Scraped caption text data
____

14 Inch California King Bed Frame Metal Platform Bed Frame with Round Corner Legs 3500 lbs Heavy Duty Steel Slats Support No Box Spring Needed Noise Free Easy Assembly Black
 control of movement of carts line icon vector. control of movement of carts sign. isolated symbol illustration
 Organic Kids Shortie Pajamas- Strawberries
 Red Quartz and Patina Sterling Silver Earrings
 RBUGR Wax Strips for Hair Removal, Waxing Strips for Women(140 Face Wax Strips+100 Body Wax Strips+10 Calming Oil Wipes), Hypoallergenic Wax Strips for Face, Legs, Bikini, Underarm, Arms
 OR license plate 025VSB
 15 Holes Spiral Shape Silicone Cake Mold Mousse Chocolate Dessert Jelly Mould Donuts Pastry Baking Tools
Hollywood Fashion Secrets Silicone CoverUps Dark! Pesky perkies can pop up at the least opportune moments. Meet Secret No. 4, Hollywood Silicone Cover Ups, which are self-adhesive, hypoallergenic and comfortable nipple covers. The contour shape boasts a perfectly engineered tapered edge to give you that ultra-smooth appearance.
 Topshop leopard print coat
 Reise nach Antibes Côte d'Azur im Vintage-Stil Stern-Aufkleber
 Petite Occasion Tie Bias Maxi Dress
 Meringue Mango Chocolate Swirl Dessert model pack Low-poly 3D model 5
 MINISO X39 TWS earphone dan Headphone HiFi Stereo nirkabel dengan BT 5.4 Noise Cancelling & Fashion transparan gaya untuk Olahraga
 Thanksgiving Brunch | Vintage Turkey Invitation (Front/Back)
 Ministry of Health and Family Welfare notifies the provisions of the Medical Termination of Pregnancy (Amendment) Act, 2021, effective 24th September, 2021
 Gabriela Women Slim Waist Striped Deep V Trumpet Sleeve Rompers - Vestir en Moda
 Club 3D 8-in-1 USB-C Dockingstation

____

Scan the lines above for the word "Chocolate" and copy every one where it occurs.

* _EXPECTED ANSWER_:
 15 Holes Spiral Shape Silicone Cake Mold Mousse Chocolate Dessert Jelly Mould Donuts Pastry Baking Tools
 Meringue Mango Chocolate Swirl Dessert model pack Low-poly 3D model 5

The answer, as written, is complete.